» **TRY IT**: Return exactly the lines that run from the one with "城市商业街广场与古建筑图片素材" to the last line of the entries below, both included, and nothing else.

» **DATA TO PROCESS**:
↓↓↓

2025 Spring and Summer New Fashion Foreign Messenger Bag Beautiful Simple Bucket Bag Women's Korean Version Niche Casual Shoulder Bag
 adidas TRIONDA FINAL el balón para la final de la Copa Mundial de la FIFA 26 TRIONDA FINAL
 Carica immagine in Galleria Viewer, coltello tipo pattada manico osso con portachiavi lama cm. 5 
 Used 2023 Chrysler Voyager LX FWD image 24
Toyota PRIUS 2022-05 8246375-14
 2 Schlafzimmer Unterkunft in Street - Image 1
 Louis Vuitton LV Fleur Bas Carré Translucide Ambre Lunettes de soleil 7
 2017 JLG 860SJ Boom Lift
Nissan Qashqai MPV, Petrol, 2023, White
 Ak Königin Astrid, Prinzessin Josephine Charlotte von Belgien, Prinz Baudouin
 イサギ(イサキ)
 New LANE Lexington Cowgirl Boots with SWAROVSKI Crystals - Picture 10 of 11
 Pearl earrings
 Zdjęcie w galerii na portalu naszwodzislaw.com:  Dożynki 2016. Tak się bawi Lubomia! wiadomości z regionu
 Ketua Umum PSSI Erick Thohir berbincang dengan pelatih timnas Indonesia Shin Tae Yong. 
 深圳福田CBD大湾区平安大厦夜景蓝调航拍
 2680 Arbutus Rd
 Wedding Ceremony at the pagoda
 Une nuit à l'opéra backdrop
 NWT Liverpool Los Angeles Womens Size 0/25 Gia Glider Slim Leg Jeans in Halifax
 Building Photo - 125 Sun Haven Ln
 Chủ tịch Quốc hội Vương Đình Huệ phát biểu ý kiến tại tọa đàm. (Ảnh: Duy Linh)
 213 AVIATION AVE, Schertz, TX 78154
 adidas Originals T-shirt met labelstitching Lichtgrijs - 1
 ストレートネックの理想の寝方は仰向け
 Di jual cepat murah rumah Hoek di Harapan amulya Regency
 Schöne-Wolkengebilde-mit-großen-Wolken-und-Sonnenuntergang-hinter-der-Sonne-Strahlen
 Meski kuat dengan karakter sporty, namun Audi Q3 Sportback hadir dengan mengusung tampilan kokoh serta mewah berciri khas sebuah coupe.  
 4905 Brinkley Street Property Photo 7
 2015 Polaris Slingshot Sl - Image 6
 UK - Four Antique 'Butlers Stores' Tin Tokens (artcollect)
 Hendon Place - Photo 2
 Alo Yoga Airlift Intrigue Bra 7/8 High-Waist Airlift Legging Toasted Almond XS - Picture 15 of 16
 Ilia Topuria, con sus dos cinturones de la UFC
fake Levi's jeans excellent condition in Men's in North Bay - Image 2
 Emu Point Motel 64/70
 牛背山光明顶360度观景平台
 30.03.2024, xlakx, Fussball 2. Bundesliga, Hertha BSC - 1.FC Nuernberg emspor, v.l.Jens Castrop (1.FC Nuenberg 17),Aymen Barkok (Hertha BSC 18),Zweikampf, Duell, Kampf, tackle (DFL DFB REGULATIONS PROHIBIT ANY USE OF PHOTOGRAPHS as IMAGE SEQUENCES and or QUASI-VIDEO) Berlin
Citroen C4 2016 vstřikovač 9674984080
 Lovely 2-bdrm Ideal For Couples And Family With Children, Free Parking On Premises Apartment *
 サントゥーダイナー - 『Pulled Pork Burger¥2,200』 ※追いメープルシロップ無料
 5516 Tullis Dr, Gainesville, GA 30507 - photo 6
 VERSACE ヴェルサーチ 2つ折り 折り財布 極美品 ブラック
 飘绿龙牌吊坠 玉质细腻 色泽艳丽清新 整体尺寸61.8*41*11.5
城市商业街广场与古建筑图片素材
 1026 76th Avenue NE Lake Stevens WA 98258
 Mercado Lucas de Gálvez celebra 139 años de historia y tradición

↑↑↑

» **RESPONSE FOR THIS EXERCISE**:
城市商业街广场与古建筑图片素材
 1026 76th Avenue NE Lake Stevens WA 98258
 Mercado Lucas de Gálvez celebra 139 años de historia y tradición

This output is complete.